In the coded language of their report, one of the recommendations notes, “we agree with those who argue that there is a rights and equality crisis in Northern Ireland.” For which you can fairly read, “we agree with republicans’ claims that they have been denied rights and equality.” The Queen’s / UU paper highlights concerns about “equivalence of rights on the island of Ireland”, for example.

Sinn Fein has long used this type of language to attack any outward manifestation of Northern Ireland’s Britishness, on the premise that the institutions, laws and emblems of a nationalist Irish state deserve ‘parity of esteem’ with their UK equivalents. This manoeuvre is designed to side-step the ‘principle of consent’, that underpins the Belfast Agreement and currently preserves the province’s place in the United Kingdom.

There was never any truth to the assertion that the Belfast Agreement required a Bill of Rights. The Northern Ireland Act of 1998, which implemented the accord, set up the NIHRC “to consult and advise on the scope for defining… rights supplementary to those in the ECHR, to reflect the particular circumstances of Northern Ireland.” When the commission produced its final report more than ten years later, the government found that many of “the rights proposed… are equally as relevant to the people of England, Scotland and Wales.”

Even Shaun Woodward, a Secretary of State whose chief adviser, Kevin Meagher, has since devoted himself to building a case for an all-Ireland state, admitted that the NIHRC’s advice was of limited use, because it went “well beyond” the remit established in the Good Friday accord.

That didn’t stop an industry of lobbyists and publicly funded organisations from spending a decade claiming that the lack of a bill of rights breached the Belfast Agreement. Usually, like the organisers of the explicitly republican ‘Beyond Brexit’ event, which pointedly refused to invite representatives of ‘political unionism’, these people had an agenda that the language of human rights was intended to put beyond discussion.

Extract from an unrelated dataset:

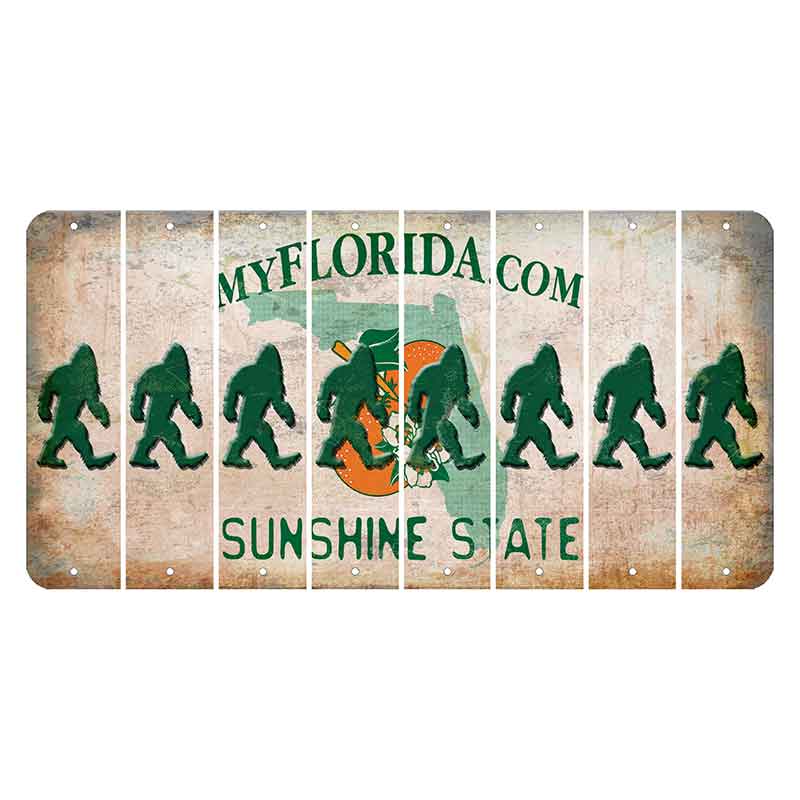Florida Orange Blossom Cut License Plate Strips (Set of 8) Bigfoot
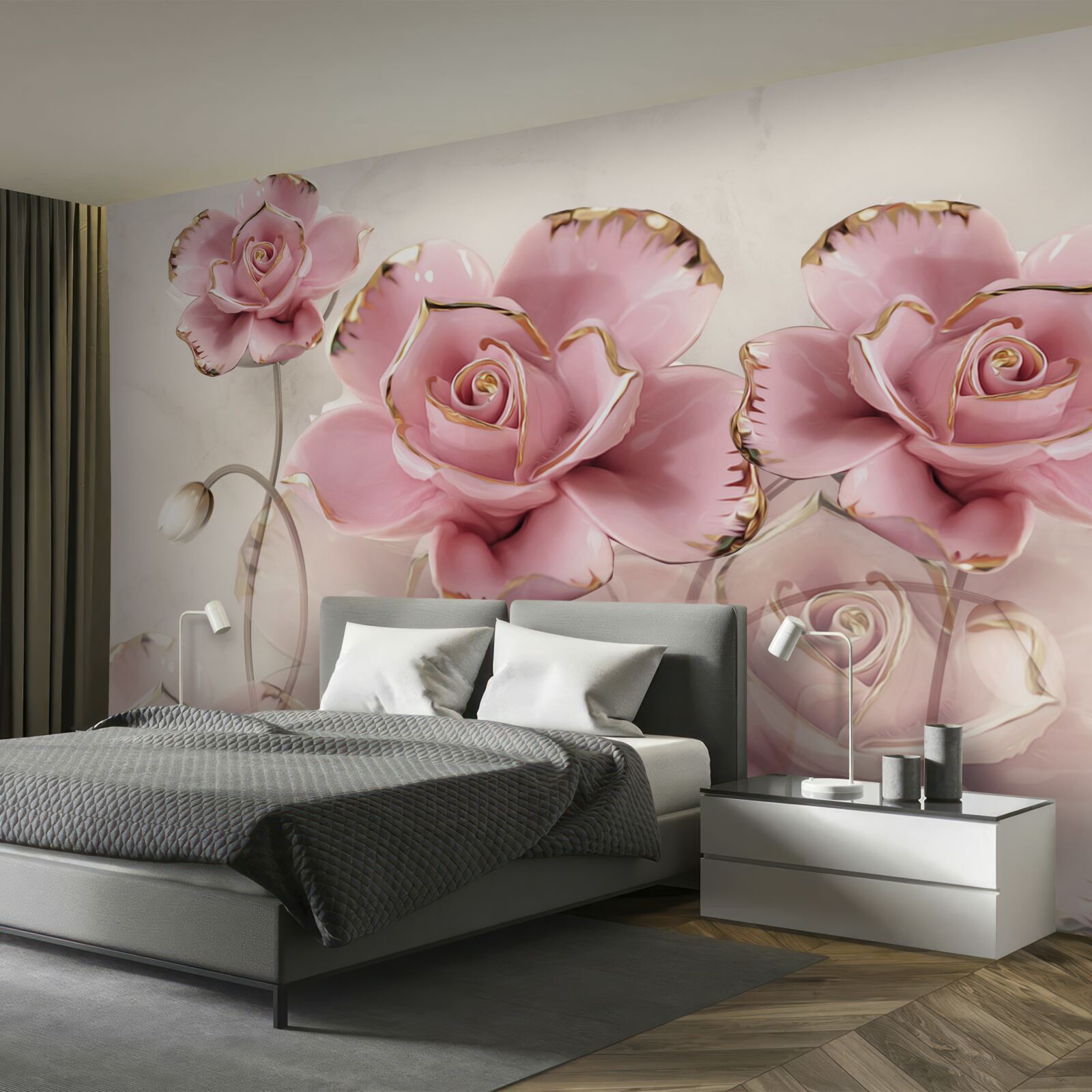 Fototapet trandafir roz elegant cu obraji delicați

That’s the beauty of the term, which is now too rarely used to describe the type of universal entitlements to life, liberty and a fair trial that it was invented to protect. Almost any political aim or socio-economic demand can be framed as a ‘human right’, to make those who are accused of denying it seem inhumane and unreasonable.

The idea that Northern Ireland required a Bill of Rights was always a conjuring trick. Now the same people who used it previously are deploying the same tactics when it comes to the Irish Brexit backstop. The Good Friday Agreement requires neither.